There’s still no magic pill that ties advertising to outcomes.
Take Lyft, which can connect metrics to spend in display and search, but has trouble measuring across channels.
But because it has difficulty uniting data around brand marketing, referral programs or brand ambassador outreach, its marketing strategy is largely built around user acquisition (UA), said Sherry Lin, senior manager of growth marketing operations at Lyft, speaking at Tune’s Postback conference in Seattle on Friday.
Atom, a movie ticketing app backed by Lionsgate, Disney and Twentieth Century Fox Film, is also stymied by silos.
“When we look at one single channel, we’re successful at understanding that channel,” said John Gibbons, product principal at Atom. “When we start trying to integrate all of the channels together, it becomes a little foggy.”
But even just within the UA universe, measuring return on ad spend can be a monumental effort.
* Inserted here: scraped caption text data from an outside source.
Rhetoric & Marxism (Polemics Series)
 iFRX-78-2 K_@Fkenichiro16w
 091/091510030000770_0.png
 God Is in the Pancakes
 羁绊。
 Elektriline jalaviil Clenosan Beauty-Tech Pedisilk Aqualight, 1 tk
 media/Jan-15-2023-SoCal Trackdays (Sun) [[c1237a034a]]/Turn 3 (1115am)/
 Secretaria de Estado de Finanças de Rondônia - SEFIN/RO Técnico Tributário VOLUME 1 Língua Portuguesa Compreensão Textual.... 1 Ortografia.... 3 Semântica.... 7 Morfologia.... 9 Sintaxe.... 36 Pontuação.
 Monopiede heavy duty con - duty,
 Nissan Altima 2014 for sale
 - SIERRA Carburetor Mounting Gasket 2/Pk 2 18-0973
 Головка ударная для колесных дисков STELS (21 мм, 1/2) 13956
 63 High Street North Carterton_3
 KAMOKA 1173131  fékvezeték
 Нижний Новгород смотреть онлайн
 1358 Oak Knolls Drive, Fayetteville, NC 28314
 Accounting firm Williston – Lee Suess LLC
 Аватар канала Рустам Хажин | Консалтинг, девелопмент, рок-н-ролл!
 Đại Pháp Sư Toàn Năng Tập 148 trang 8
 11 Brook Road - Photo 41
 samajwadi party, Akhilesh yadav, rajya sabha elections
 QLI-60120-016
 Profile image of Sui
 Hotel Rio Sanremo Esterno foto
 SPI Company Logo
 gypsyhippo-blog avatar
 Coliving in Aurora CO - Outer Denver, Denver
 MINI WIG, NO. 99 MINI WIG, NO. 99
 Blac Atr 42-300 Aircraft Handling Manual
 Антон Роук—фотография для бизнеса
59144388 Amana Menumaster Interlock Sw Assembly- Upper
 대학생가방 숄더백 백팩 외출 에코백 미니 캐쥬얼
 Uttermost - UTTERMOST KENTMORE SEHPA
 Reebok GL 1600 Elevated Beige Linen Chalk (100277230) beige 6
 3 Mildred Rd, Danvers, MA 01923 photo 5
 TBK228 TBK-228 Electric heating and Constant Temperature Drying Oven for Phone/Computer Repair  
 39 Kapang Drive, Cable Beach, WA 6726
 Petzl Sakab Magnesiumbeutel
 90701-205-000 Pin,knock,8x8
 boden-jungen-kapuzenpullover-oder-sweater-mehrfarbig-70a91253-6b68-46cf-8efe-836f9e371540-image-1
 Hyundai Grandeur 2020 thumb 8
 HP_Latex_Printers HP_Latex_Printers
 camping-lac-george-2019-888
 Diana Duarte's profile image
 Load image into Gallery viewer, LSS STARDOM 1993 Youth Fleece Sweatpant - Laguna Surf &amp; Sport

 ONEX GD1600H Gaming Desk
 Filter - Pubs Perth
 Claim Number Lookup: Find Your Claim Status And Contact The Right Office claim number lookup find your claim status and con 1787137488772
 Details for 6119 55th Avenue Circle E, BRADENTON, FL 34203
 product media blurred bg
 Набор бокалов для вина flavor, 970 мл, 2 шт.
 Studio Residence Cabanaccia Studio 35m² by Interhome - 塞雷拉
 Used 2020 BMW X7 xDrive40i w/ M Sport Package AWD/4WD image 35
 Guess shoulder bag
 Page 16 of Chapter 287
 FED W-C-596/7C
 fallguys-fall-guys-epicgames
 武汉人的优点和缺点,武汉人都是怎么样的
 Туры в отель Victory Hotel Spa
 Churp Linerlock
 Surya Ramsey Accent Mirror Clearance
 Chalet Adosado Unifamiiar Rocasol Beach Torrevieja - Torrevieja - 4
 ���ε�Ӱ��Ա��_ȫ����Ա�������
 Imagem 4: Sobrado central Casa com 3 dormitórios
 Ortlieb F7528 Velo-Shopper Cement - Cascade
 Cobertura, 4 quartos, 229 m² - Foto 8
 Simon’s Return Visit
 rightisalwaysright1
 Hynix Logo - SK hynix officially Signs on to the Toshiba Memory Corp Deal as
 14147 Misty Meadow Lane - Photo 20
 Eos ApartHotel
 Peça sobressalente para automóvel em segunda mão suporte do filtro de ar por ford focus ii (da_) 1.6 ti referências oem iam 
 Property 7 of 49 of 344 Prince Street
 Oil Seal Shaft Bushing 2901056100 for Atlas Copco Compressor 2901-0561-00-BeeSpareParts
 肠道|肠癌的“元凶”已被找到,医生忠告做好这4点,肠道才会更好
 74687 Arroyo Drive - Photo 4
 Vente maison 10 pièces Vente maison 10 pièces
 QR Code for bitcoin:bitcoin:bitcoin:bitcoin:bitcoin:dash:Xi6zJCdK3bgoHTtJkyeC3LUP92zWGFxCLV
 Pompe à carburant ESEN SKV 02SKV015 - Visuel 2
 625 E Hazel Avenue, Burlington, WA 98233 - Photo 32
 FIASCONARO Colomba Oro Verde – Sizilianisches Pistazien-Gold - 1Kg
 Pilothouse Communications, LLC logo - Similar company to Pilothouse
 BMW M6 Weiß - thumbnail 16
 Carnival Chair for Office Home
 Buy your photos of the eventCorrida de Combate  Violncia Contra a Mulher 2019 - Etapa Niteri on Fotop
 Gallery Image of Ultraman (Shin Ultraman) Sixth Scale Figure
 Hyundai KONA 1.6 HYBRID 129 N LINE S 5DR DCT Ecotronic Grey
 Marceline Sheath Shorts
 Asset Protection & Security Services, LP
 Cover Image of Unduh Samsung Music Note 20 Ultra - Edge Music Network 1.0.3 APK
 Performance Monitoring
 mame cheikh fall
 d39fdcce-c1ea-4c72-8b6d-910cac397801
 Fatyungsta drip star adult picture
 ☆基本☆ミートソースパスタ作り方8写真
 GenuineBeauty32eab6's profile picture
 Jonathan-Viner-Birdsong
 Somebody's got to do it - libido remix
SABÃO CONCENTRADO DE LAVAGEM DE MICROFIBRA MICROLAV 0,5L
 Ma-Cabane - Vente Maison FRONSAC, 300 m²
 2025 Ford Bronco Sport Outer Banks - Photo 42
Lyft has dozens of marketing vendor partners, and they vary in their sophistication.
Although Lyft partners with a third-party provider to handle the integrations and help aggregate and normalize the data, it’s still a “huge amount of work” to determine the acquisition costs, Lin said.
Lyft has an internal tracking system for URLs to monitor web conversions (primarily driver acquisition) and works with Tune to track mobile app installs, which is mostly on the rider acquisition side.
Lin and her team try to get as granular as possible in order to adjust spend by partner, ad creative and keyword. “We ingest all of that, connect spend with our funnel metrics and out comes the ROI,” she said.
But app marketers like Lyft, born in a mobile world, are some of the most experienced performance advertisers out there.
More traditional players like Viacom are still flying by the seat of their pants, especially as they begin embracing new channels such as connected TV.
“On mobile, there are all sorts of great vendors, it’s well known and people have sort of figured it out,” said Eric Lau, VP of partner management and audience development at Viacom, where he looks after the network’s mobile and ad-supported TV everywhere apps.
But vendors in the CTV space are “not quite there yet,” Lau said. “Some have excellent data and some have kind of shoddy data.”
And even putting quality aside, it’s a headache to try and combine the “mishmash” into a single, coherent view, he said.
“We want to be able to compare our spend on mobile with TV, but as much as I try to look at the same types of data points and metrics, to keep those things apples to apples is not always possible,” Lau said. “Even though we’re an old company, we’re new to this and the systems we have built are more focused on traditional marketing.”